Plaintiffs complaint alleges she was injured by hot tea she purchased from defendant. She claims it was served to her in two cellulose cups — one inside the other — and that when she opened the lid, the tea spilled causing her injury.
There is no basis to hold defendant liable on a theory that it breached a duty of reasonable care to the plaintiff customer under these circumstances.* Plaintiff failed to raise a triable issue of fact that the tea was heated beyond reasonably expected limits (see Olliver v Heavenly Bagels, 189 Misc 2d 125 *341[2001]; Huppe v Twenty-First Century Rests, of Am., 130 Misc 2d 736 [1985]). She also failed to raise a triable issue of fact as to the reasonableness of the manner in which the tea was served. “Double cupping” is a method well known in the industry as a way of preventing a cup of hot tea from burning one’s hand. Further, plaintiff raised no issue of fact about whether defendant breached its duty of care by failing to securely place the lids on the hot cups (see Reese v Burger King Rest., 1990 WL 12383, 1990 Ohio App LEXIS 541 [Ohio App, 10th Dist, Feb. 13, 1990]; Greene v Boddie-Noell Enters., Inc., 966 F Supp 416 [1997]). Indeed, it requires no special insight, knowledge or skill to appreciate that, ordinarily, one must take care not to spill tea when removing the lid from a “double cup” of hot tea.
We therefore conclude that, where, as here, the product has an inherently dangerous attribute, the law imposes liability only when the product’s danger is not reasonably contemplated by the consumer and the product is unreasonably dangerous for its intended use (see Robinson v Reed-Prentice Div. of Package Mach. Co., 49 NY2d 471, 479 [1980]; Olliver, 189 Misc 2d at 127; Huppe, 130 Misc 2d at 738).

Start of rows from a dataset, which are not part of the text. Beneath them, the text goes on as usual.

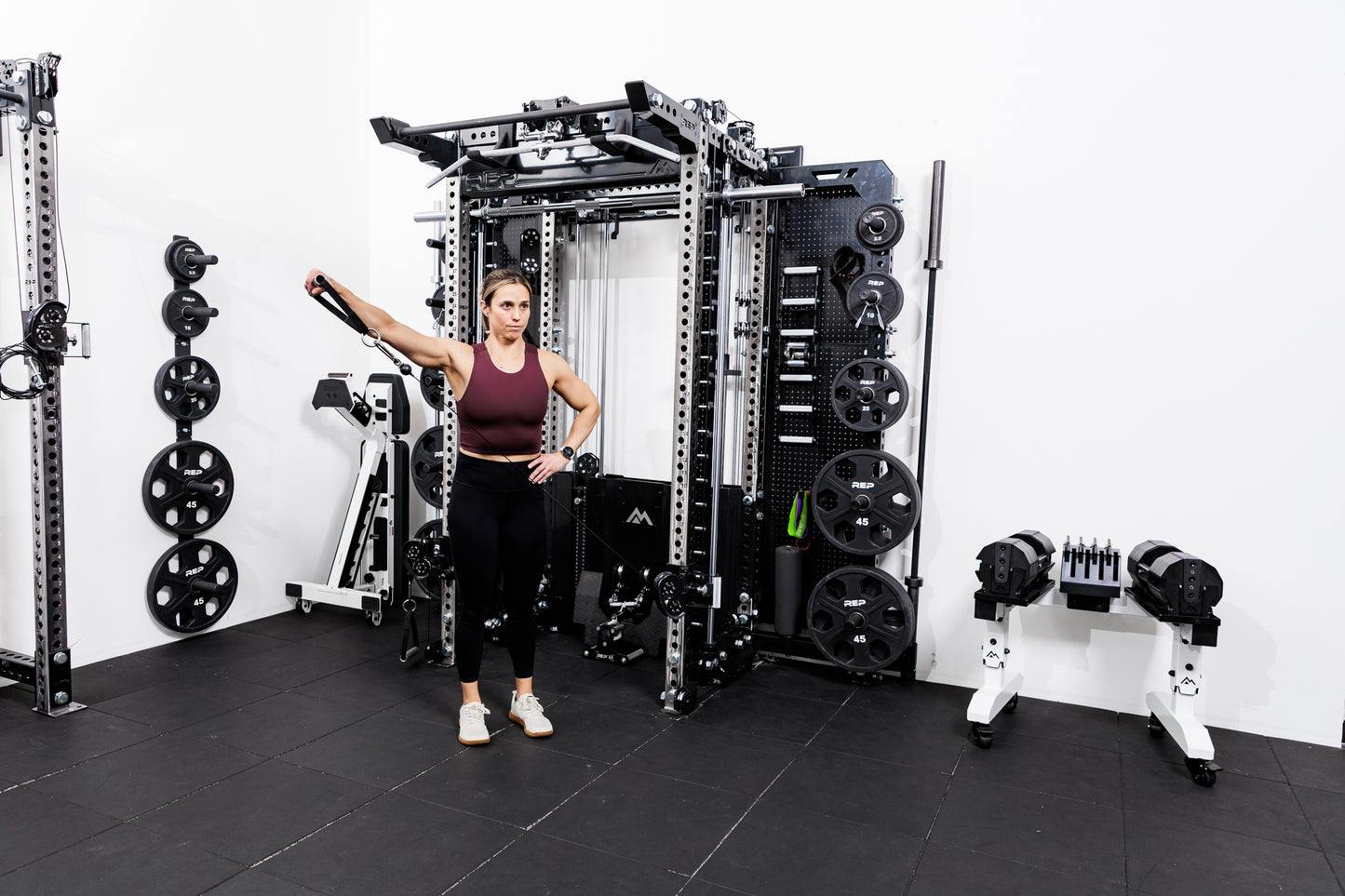 Person using the Ares™ 2.0 for cable side raises on the Summit™ All-In-One Ares™ 2.0 Wall-Mounted configuration in a gym setting.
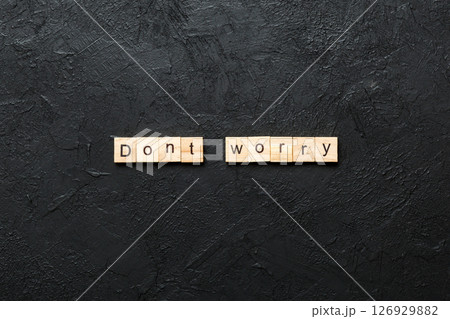 Don't worry word written on wood block. Don't worry text on cement table for your desing, Top view concept Don't worry word written on wood block. Don't worry text on cement table for your desing, Top view concept 126929882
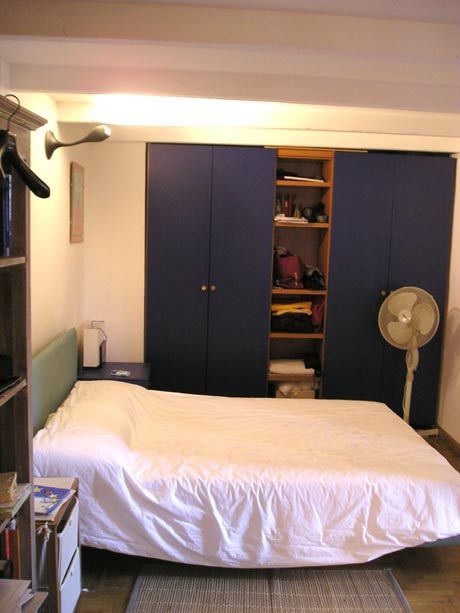 西班牙风格两室一厅卧室实木衣柜软装效果图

Finally, plaintiffs cross motion should have been denied as plaintiffs breach of warranty claim is patently meritless (see Daniels v Empire-Orr, Inc., 151 AD2d 370, 371 [1989]). She has afforded no basis for the inference necessary to her proposed claim, that the tea was not “fit for the ordinary purposes for which such goods are used” (UCC 2-314 [2] [c]; Huppe, supra; see also Martinelli v Custom Accessories, Inc., 2002 WL 1489610, 2002 Mass Super LEXIS 188 [Mass Super Ct, May 21, 2002]). Concur — Tom, J.P., Mazzarelli, Andrias, Friedman and Marlow, JJ.
Plaintiff has abandoned her duty to warn cause of action.